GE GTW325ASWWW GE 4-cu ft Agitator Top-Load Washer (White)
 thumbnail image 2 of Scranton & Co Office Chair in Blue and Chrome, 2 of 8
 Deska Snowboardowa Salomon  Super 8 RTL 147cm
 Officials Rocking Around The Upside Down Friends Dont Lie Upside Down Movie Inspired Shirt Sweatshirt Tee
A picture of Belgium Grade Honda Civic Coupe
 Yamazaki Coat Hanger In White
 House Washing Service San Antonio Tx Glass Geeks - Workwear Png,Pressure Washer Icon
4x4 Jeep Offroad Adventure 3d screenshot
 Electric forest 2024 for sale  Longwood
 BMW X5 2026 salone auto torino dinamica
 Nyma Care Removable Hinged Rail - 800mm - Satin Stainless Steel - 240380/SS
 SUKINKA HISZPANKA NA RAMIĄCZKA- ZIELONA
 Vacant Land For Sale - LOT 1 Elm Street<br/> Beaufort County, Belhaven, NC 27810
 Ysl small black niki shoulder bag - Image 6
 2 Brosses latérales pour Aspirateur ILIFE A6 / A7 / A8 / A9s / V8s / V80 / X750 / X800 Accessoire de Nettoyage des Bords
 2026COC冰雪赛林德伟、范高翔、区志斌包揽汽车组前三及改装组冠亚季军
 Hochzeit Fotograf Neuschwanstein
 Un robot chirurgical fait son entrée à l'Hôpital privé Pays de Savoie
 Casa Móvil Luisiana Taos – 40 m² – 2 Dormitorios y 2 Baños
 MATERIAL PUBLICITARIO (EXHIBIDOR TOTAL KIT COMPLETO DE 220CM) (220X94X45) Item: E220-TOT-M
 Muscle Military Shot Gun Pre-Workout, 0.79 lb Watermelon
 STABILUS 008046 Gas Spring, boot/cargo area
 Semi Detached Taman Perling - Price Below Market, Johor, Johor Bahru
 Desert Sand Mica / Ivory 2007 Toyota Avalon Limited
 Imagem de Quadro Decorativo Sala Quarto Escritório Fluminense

++++++++++++++++++++

**PROMPT**
The expected output is the run of lines from the one holding "Semi Detached Taman" to the last line of the entries above, each reproduced character for character.

**RESULT**
 Semi Detached Taman Perling - Price Below Market, Johor, Johor Bahru
 Desert Sand Mica / Ivory 2007 Toyota Avalon Limited
 Imagem de Quadro Decorativo Sala Quarto Escritório Fluminense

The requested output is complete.